Where does the Brexit process actually stand? It’s hard to say from day to day—or, really, from hour to hour—and the confusion is giving markets whiplash. One measure of volatility for the pound is now at its highest since January 2017.
While volatility is not as high as when the Brexit referendum took place—the gauge reached 30 in June 2016, versus around 11 today—pound traders are changing direction on even the faintest glimmer of hope for a deal or dose of reality that the hurdles are high. The UK is due to leave the EU at the end of March; the time needed to ratify a deal in British and European parliaments is slipping away.
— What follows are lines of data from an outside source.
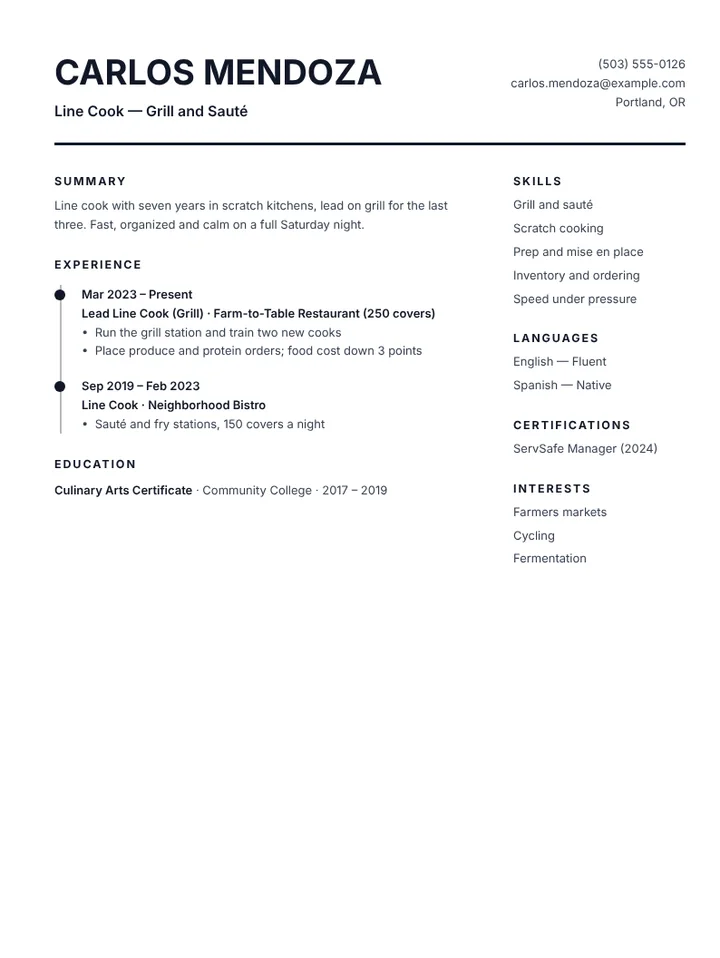 Line cook resume example with stations and covers per night
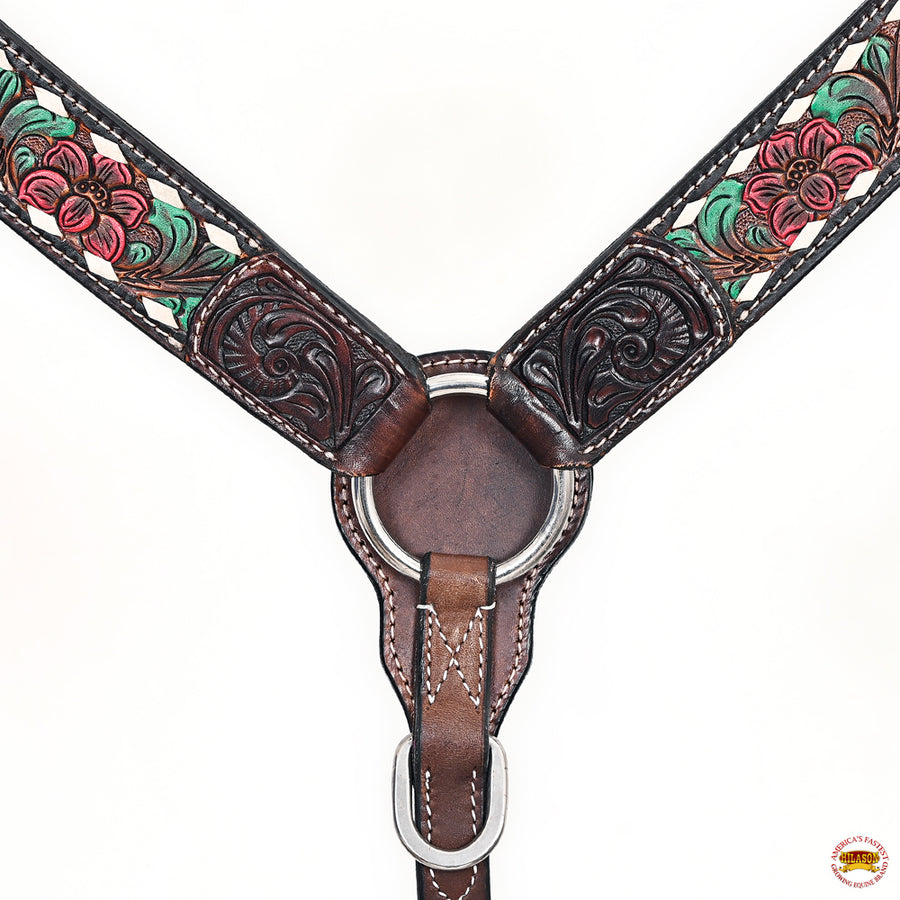 HILASON Western Horse Headstall Breast Collar American Leather Brown | Tack Set for Horses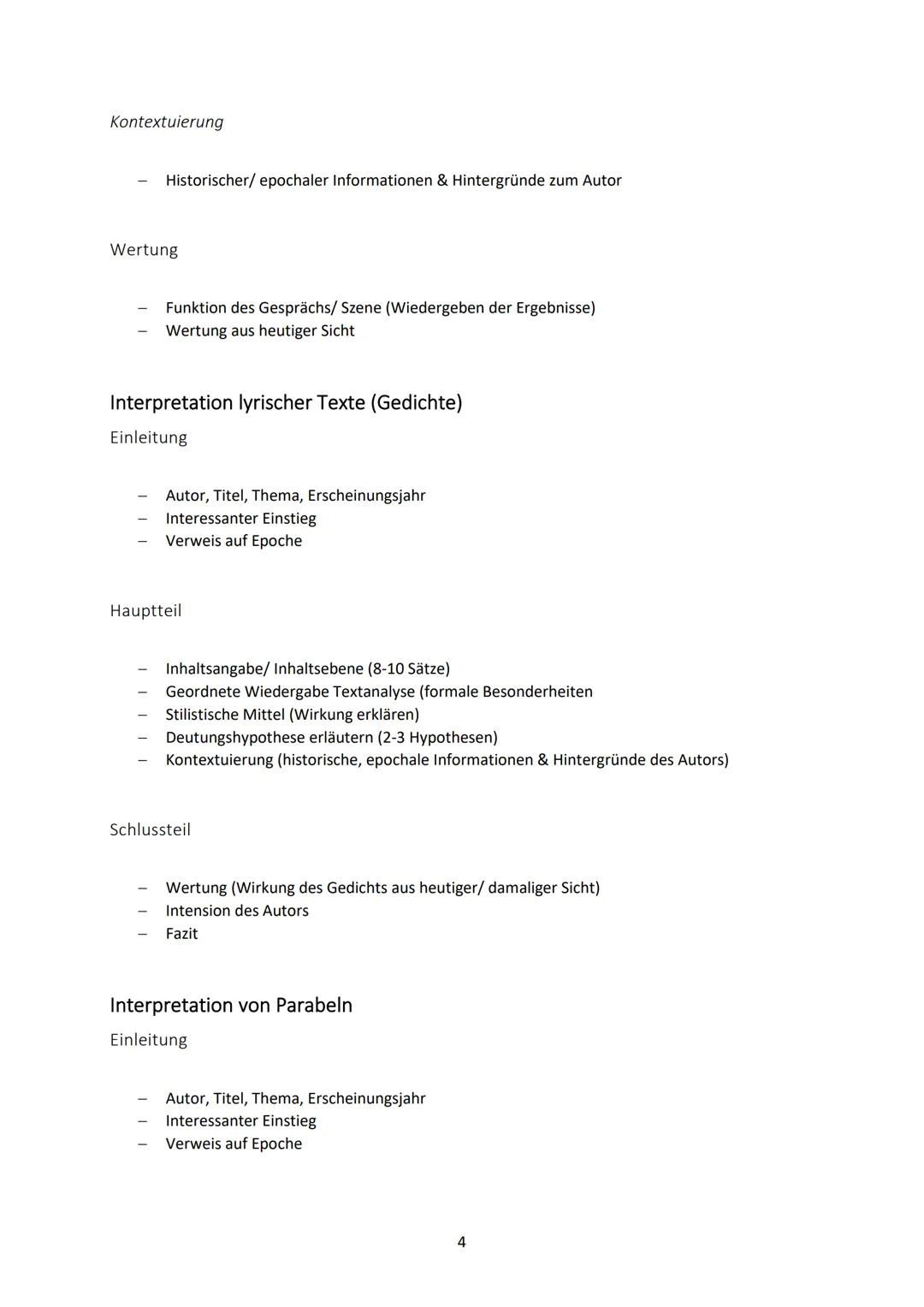 ÜBERBLICK AUFBAU VERSCHIEDENER TEXTARTEN
Analyse im Vorfeld
Mehrmaliges Lesen mit Randnotizen
Formale Besonderheiten (Reimschema, Metrum, St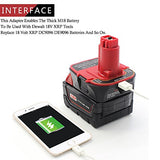 waitley Battery Adapter for Dewalt DCA1820 18V-20V Converter with USB Port Function Compatible with DC9096 DE9096 waitley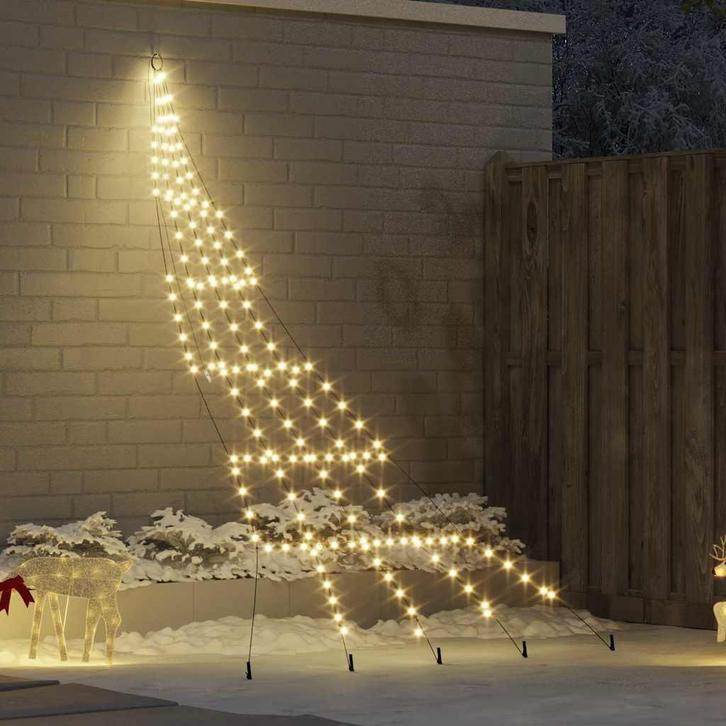 vidaXL LED Kerstboom met Grondspiesjes Warmwit 306 cm Metaal, Diversen, Kerst, Nieuw, Verzenden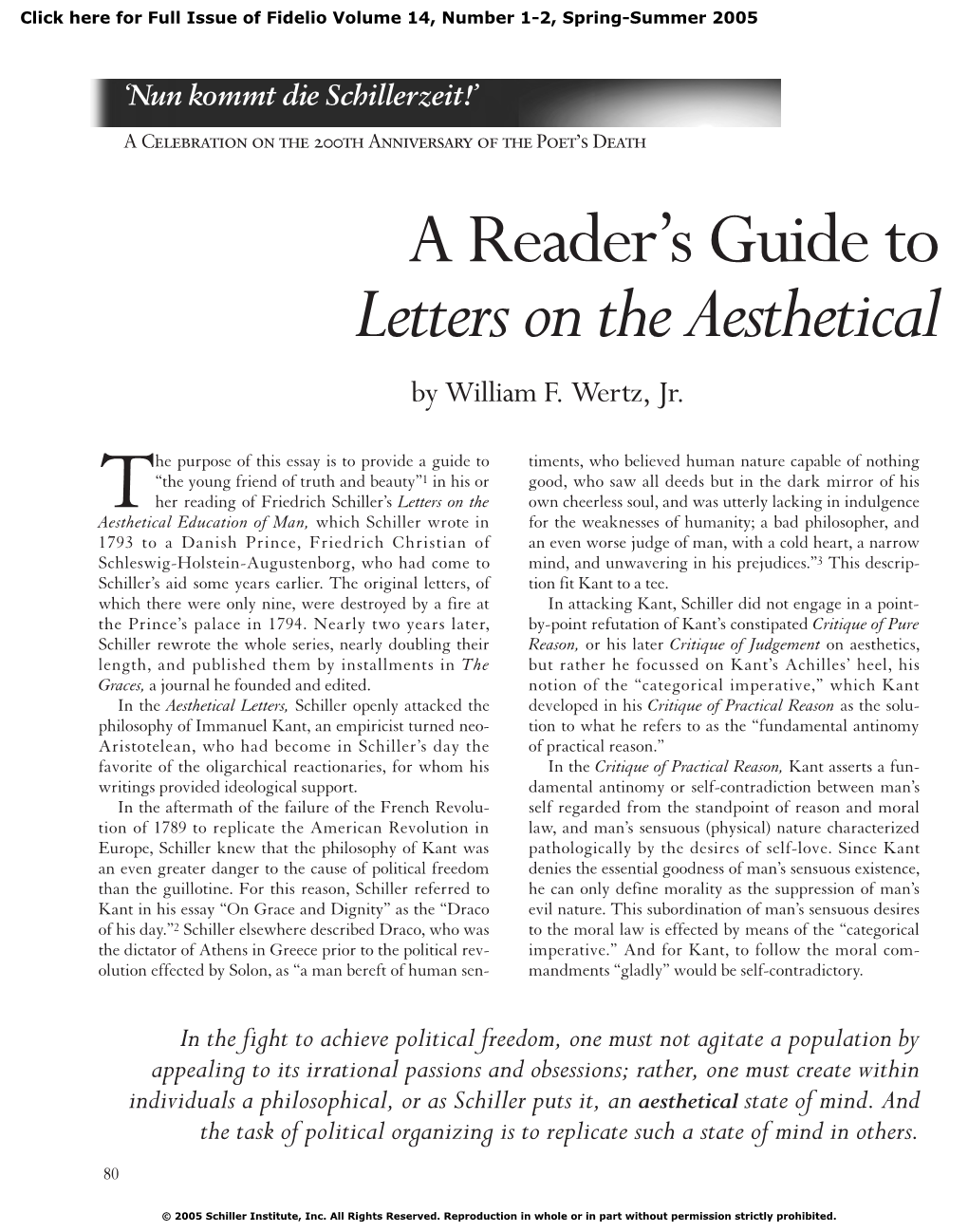 A Reader's Guide to Schiller's Letters on the Aesthetical Education Of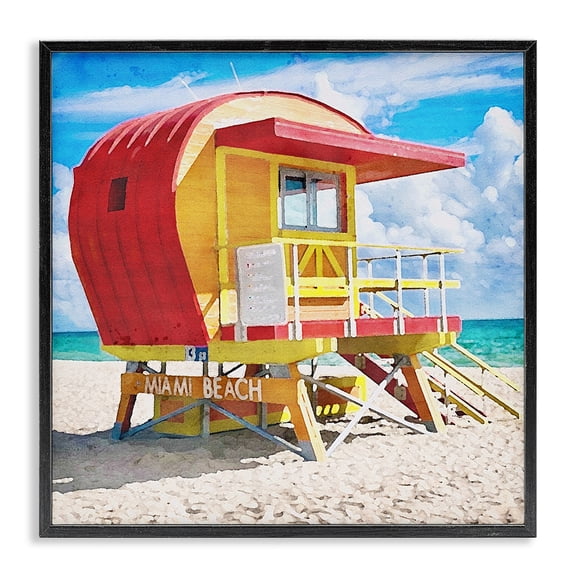 Stupell Industries Tropical Miami Beach Hut Black Framed Giclee Art, 17 x 17, by LSR Design Studio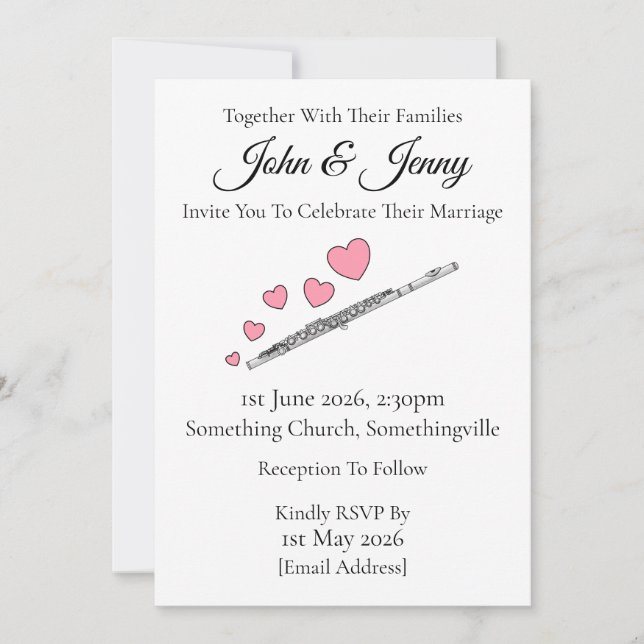 Flute Wedding Invitation Flutist Musicians (Front)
In the first week of November, the pound climbed 3% against the US dollar amid news that an amicable withdrawal agreement was imminent. British prime minister Theresa May reportedly had her cabinet on standby to sign-off on an agreement last week. That moment came and went with no meeting.
In the past three trading days, the pound has dropped about 2% against the dollar. On Friday afternoon (Oct. 9), Jo Johnson, a cabinet minister (and brother to Brexiteer Boris Johnson, who is calling for a “mutiny” against the prime minister) resigned from government and backed a second referendum. He voted to remain in the EU in the 2016 referendum. “Britain stands on the brink of the greatest crisis since the Second World War,” Johnson wrote after resigning.
The pound-dollar’s volatility substantially diverged from swings in the value of the euro and yen versus the dollar in recent months. The pound-dollar currency pair is the third most traded in the world, after the dollar-euro and dollar-yen, with an average daily turnover of $470 billion.
How the current impasse will be overcome is unclear. While most people agree that a “no-deal” Brexit is the worst-case scenario, whether a deal could pass parliament is an open question, as May faces opposition from both hardliners within her party, pro-EU moderates, and opposition party politicians.
One of the biggest sticking points—supposedly the last one remaining—is how to avoid a hard border between Northern Ireland and the Republic of Ireland. One plan would leave the UK in a customs arrangement with the EU, even after a transition period ends in 2020, which rankles the Brexiteers. However, Brussels won’t proceed without a backstop in place.
All the while, demands for a second referendum on the terms of a post-divorce deal are getting louder. The so-called “People’s Vote” would give the public a chance to support or reject whatever deal the UK and Brussels agree upon. May has ruled out holding a second vote.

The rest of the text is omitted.